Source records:
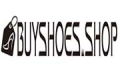 BuyShoes.Shop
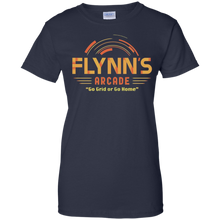 Flynn's-Arcade-T-Shirt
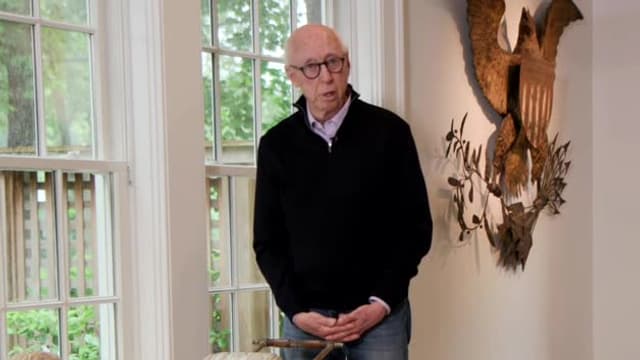 S23:E26 - Extraordinary Finds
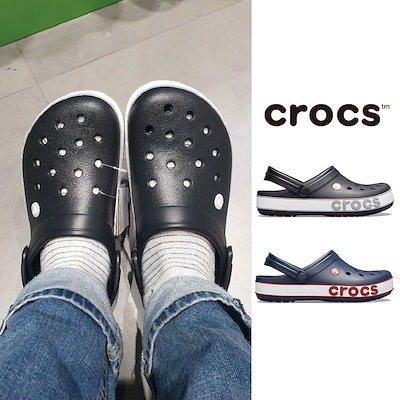 Qoo10 Crocs Crocs 6021 Crocb シューズ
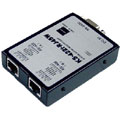 RS232C⇔RS422変換器　KS-422I-RJ45W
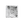 Load image into Gallery viewer, Burnaby SE Hot Tub
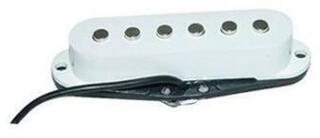 Pickup voor gitaar Dr.Parts SPU/T/WT Pickup voor gitaar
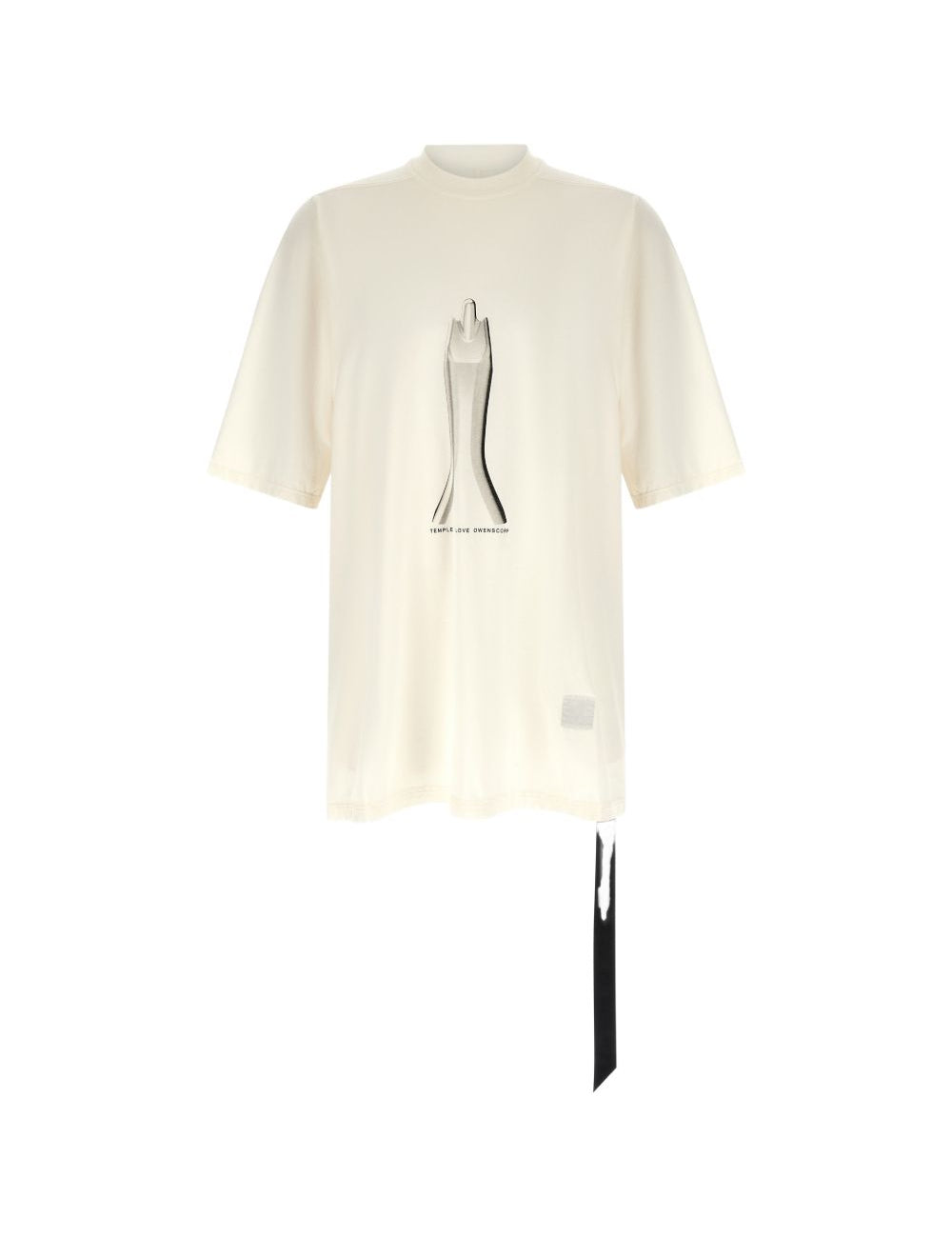 Rick owens drkshdw - uomo 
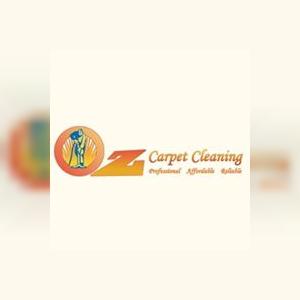 ozcleaningsolutions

Instructions for the task: Using the data above, write out every line exactly, leaving the images behind.

Response:
 BuyShoes.Shop
 Flynn's-Arcade-T-Shirt
 S23:E26 - Extraordinary Finds
 Qoo10 Crocs Crocs 6021 Crocb シューズ
 RS232C⇔RS422変換器　KS-422I-RJ45W
 Load image into Gallery viewer, Burnaby SE Hot Tub
 Pickup voor gitaar Dr.Parts SPU/T/WT Pickup voor gitaar
 Rick owens drkshdw - uomo 
 ozcleaningsolutions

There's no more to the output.